#### [Data]
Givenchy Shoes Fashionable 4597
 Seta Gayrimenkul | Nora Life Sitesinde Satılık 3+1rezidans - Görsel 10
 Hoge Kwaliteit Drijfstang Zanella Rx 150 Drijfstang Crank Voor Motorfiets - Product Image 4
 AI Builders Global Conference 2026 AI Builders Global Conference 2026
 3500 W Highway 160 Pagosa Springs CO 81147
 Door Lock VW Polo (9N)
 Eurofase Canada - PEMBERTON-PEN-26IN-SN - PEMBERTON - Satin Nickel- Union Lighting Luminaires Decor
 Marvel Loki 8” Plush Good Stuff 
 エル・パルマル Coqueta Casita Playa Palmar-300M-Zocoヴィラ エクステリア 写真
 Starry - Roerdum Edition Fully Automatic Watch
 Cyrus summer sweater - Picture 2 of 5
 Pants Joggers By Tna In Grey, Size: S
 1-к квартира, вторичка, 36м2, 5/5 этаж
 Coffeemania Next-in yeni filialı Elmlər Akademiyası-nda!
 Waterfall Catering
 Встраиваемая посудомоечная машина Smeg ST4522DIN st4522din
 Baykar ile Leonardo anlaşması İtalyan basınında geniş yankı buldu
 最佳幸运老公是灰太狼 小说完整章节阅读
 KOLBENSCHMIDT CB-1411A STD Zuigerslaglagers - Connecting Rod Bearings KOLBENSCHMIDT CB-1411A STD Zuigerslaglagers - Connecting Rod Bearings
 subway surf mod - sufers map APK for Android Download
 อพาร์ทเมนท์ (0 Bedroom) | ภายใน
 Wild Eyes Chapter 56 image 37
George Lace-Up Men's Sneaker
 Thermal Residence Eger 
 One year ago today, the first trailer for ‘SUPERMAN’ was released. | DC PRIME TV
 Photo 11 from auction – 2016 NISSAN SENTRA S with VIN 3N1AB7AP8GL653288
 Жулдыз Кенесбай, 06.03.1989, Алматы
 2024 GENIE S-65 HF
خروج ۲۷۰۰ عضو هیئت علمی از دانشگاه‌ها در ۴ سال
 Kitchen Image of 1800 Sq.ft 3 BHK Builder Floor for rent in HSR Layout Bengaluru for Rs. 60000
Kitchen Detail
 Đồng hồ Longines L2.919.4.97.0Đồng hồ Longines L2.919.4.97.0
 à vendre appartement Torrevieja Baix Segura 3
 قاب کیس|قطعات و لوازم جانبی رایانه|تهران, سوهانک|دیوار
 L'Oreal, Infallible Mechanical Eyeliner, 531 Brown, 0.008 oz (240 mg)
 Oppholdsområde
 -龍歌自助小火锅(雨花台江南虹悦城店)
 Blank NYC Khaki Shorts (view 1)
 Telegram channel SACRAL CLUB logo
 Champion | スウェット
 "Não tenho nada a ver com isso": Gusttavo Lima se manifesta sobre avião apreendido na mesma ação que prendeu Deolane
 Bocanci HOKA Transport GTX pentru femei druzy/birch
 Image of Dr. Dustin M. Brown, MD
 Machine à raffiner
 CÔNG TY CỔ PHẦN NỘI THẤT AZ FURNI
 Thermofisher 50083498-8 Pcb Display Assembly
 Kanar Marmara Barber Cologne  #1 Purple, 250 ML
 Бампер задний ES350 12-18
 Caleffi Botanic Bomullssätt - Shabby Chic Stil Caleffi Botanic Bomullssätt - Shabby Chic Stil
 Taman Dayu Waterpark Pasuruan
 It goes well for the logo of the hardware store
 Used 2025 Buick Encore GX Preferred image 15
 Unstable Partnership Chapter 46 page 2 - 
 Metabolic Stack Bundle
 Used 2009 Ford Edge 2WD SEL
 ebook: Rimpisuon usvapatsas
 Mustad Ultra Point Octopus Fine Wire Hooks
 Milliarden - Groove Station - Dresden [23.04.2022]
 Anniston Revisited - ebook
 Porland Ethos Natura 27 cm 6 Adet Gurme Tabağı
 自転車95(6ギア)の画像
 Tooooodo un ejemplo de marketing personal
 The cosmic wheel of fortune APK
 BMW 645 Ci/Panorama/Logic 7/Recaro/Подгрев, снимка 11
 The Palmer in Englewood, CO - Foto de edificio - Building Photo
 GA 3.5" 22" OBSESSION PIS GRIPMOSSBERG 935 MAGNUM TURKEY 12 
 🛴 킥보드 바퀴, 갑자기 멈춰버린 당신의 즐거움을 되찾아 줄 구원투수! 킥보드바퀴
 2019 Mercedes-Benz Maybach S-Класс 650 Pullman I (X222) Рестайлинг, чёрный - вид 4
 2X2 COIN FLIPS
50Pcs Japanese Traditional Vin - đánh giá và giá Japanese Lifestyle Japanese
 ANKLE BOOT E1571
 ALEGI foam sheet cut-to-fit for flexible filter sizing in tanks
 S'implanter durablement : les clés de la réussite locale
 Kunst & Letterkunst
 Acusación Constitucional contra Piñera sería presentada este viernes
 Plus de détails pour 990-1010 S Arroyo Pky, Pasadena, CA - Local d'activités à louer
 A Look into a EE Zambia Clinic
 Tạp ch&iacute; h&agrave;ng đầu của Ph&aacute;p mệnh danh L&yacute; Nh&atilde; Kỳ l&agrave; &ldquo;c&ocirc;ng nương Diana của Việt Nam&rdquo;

#### [What to produce]
Give back exactly the lines above, from the line containing "-龍歌自助小火锅(雨花台江南虹悦城店)" through the line containing "CÔNG TY CỔ PHẦN NỘI THẤT AZ FURNI", with both end lines and nothing more.

#### [Response to the exercise]
 -龍歌自助小火锅(雨花台江南虹悦城店)
 Blank NYC Khaki Shorts (view 1)
 Telegram channel SACRAL CLUB logo
 Champion | スウェット
 "Não tenho nada a ver com isso": Gusttavo Lima se manifesta sobre avião apreendido na mesma ação que prendeu Deolane
 Bocanci HOKA Transport GTX pentru femei druzy/birch
 Image of Dr. Dustin M. Brown, MD
 Machine à raffiner
 CÔNG TY CỔ PHẦN NỘI THẤT AZ FURNI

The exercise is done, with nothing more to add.